**Task objective**
Set out exactly, line by line, the stretch of data below that begins at the line containing "Blue topaz emerald cut four claw silver ring" and ends at the line containing "Found This Raccoon", with both ends kept.
§
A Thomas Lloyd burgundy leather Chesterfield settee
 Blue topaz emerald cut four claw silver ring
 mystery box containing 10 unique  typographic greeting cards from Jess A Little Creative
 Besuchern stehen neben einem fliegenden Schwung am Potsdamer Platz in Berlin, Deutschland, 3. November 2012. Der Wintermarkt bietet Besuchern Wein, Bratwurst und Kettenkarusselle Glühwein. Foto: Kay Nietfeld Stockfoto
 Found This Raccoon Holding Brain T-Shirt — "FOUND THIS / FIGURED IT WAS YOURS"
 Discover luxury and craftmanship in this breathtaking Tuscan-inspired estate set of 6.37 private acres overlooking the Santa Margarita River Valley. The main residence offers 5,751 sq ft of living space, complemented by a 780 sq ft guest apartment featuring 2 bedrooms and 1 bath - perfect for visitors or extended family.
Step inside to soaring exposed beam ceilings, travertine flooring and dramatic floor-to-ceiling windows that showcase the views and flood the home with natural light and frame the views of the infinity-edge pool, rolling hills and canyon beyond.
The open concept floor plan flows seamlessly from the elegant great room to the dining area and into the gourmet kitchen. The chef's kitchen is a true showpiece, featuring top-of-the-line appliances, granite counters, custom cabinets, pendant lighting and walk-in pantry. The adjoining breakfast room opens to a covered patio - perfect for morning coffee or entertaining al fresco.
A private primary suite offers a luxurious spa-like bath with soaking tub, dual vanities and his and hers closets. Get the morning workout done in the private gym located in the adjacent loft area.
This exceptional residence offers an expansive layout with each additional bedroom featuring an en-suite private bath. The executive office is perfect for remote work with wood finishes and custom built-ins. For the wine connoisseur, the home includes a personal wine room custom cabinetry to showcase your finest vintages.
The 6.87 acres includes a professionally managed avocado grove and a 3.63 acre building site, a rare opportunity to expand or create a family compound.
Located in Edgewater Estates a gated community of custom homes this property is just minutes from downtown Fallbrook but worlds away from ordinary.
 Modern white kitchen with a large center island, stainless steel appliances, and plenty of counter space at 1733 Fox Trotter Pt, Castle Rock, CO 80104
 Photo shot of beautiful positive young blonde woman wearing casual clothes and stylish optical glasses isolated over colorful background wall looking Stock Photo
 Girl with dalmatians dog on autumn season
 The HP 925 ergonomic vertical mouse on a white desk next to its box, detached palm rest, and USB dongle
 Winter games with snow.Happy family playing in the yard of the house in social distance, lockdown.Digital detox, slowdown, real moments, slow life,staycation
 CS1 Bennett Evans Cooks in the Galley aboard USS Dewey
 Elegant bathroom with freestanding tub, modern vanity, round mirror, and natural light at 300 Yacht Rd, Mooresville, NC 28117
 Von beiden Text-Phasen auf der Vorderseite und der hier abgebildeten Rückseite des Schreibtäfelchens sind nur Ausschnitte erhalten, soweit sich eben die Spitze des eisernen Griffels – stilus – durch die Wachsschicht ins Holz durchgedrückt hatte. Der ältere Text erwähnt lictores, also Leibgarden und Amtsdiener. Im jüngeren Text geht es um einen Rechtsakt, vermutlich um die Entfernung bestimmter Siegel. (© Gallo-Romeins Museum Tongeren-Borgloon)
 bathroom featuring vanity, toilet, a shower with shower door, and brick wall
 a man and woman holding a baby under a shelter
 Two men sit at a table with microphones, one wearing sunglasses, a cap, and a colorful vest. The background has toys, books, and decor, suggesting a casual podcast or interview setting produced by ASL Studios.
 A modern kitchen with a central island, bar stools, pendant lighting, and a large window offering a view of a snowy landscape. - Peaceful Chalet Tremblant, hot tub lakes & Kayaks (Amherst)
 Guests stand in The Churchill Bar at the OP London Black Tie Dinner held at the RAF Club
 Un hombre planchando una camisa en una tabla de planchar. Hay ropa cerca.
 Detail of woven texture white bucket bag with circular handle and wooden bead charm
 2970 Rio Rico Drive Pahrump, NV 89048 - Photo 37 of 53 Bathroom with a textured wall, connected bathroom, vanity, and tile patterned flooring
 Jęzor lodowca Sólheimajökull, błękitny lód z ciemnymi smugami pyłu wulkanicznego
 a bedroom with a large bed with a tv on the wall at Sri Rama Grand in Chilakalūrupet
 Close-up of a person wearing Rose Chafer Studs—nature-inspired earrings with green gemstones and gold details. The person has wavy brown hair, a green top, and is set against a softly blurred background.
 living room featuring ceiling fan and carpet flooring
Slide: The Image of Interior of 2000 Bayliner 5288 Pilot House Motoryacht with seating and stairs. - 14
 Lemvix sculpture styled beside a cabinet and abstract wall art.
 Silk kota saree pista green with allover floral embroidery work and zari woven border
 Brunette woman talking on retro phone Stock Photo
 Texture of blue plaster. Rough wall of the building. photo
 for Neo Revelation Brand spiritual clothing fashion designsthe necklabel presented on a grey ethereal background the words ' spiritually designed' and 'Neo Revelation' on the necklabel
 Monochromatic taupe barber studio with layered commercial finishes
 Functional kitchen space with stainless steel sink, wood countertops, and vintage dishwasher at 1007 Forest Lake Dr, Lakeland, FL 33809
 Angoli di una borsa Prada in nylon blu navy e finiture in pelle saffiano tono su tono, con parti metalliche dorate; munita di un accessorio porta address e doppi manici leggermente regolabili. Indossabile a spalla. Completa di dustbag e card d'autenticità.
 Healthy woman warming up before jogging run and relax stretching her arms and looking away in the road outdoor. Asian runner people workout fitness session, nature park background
§
**Written answer**
 Blue topaz emerald cut four claw silver ring
 mystery box containing 10 unique  typographic greeting cards from Jess A Little Creative
 Besuchern stehen neben einem fliegenden Schwung am Potsdamer Platz in Berlin, Deutschland, 3. November 2012. Der Wintermarkt bietet Besuchern Wein, Bratwurst und Kettenkarusselle Glühwein. Foto: Kay Nietfeld Stockfoto
 Found This Raccoon Holding Brain T-Shirt — "FOUND THIS / FIGURED IT WAS YOURS"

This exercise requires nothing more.